This is not caused by systemctl daemon-reexec. When the systemd package
is upgraded (apparently happening during apt-daily-upgrade.service),
some services will be restarted (see
/var/lib/dpkg/info/systemd.postinst). This includes systemd-
networkd.service.

And, systemd-networkd does not generally maintain link configuration
across restarts. You can try using KeepConfiguration[1] in your network
config, but note that does not cover all configuration options.

[1]
https://www.freedesktop.org/software/systemd/man/255/systemd.network.html#KeepConfiguration=

** Changed in: systemd (Ubuntu)
       Status: New => Incomplete

** Changed in: systemd (Ubuntu)
   Importance: Undecided => Medium

-- 
You received this bug notification because you are a member of Ubuntu
Touch seeded packages, which is subscribed to systemd in Ubuntu.
https://bugs.launchpad.net/bugs/2099676

Title:
  Network connectivity loss after systemctl daemon-reexec

Status in systemd package in Ubuntu:
  Incomplete

Bug description:
  # Our problem

  We are running multiple K8S clusters on Ubuntu 24.04.1 LTS nodes.
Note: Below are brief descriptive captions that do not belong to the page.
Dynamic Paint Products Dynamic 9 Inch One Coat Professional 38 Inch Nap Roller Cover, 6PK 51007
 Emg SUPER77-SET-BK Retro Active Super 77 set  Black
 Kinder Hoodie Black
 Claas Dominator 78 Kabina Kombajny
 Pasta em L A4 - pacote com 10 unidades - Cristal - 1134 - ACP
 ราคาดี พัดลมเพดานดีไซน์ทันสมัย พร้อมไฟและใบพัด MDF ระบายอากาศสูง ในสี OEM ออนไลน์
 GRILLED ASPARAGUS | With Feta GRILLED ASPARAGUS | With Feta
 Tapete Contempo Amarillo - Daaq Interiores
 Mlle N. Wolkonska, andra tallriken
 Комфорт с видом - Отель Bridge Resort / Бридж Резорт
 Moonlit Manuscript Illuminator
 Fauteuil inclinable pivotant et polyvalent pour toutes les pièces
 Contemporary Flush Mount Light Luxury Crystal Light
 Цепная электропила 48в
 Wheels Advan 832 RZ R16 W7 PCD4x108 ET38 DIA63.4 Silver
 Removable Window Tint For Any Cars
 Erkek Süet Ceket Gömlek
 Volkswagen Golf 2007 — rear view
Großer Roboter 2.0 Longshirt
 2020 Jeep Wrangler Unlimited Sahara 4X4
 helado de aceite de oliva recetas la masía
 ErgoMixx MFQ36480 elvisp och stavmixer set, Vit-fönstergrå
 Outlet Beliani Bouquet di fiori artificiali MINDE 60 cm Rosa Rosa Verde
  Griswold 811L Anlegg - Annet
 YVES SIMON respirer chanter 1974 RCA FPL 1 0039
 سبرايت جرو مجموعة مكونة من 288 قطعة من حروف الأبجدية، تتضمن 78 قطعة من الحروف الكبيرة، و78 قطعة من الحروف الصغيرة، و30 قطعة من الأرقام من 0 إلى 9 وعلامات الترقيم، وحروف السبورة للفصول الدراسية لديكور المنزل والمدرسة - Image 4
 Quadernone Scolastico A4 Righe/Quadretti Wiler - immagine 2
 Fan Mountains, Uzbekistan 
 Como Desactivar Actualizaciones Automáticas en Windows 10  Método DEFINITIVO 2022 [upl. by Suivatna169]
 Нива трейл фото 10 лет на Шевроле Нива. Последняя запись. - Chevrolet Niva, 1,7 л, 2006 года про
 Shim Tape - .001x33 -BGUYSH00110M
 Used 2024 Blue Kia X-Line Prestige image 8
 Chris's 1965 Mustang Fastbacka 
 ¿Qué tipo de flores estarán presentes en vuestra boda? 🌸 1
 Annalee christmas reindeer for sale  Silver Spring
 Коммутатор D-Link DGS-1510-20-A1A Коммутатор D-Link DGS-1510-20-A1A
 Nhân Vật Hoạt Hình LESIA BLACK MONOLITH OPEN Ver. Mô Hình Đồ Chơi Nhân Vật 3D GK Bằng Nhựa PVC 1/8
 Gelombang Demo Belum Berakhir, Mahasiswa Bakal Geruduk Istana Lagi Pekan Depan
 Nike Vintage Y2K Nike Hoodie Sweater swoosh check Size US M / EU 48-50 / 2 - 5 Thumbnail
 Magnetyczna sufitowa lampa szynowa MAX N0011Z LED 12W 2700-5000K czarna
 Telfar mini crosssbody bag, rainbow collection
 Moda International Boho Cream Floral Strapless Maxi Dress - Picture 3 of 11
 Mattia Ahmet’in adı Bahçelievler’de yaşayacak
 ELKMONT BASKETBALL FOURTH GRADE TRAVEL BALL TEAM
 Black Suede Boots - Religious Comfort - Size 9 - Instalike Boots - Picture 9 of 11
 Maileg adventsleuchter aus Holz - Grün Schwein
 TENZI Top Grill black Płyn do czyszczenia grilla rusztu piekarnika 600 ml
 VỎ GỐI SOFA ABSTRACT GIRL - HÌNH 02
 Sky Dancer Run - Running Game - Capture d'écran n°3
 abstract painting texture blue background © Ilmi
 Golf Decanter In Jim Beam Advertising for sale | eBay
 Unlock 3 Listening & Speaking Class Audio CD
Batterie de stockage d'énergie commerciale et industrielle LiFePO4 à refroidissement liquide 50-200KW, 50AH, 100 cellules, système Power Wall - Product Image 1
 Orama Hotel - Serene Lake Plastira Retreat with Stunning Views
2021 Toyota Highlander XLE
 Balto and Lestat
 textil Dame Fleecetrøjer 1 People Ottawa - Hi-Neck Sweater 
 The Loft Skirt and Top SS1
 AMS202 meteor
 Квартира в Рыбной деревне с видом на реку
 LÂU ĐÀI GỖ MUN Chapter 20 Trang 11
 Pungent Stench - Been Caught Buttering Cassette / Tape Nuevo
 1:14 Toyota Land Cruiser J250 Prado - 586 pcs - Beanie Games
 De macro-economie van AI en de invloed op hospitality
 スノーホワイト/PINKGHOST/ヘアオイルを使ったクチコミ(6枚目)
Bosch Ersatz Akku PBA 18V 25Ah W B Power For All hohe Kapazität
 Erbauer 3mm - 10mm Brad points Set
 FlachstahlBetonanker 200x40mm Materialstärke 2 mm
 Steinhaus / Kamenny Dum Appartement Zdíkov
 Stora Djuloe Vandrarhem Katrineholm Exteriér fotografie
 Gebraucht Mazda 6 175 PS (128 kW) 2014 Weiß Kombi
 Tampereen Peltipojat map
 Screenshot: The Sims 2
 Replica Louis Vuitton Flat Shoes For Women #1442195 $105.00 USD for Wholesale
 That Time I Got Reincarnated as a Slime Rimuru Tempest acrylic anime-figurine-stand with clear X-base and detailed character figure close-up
  On one of these clusters, we have noticed at least twice that most of the 
nodes (~5 out of 8) went offline without any action on our side.
  To restore connectivity, we tried ifdown/ifup, disconnect/connect network 
from hypervisor and networking service restart but nothing helped, we had to 
reboot the nodes from the console.

  After some investigations, we were able to correlate this outage with the 
`apt-daily-upgrade` service run triggered by the `apt-daily-upgrade` timer.
  Somehow, the `apt-daily-upgrade` service updated a package which triggered a 
`systemctl daemon-reexec`, cuting network connectivity in the process.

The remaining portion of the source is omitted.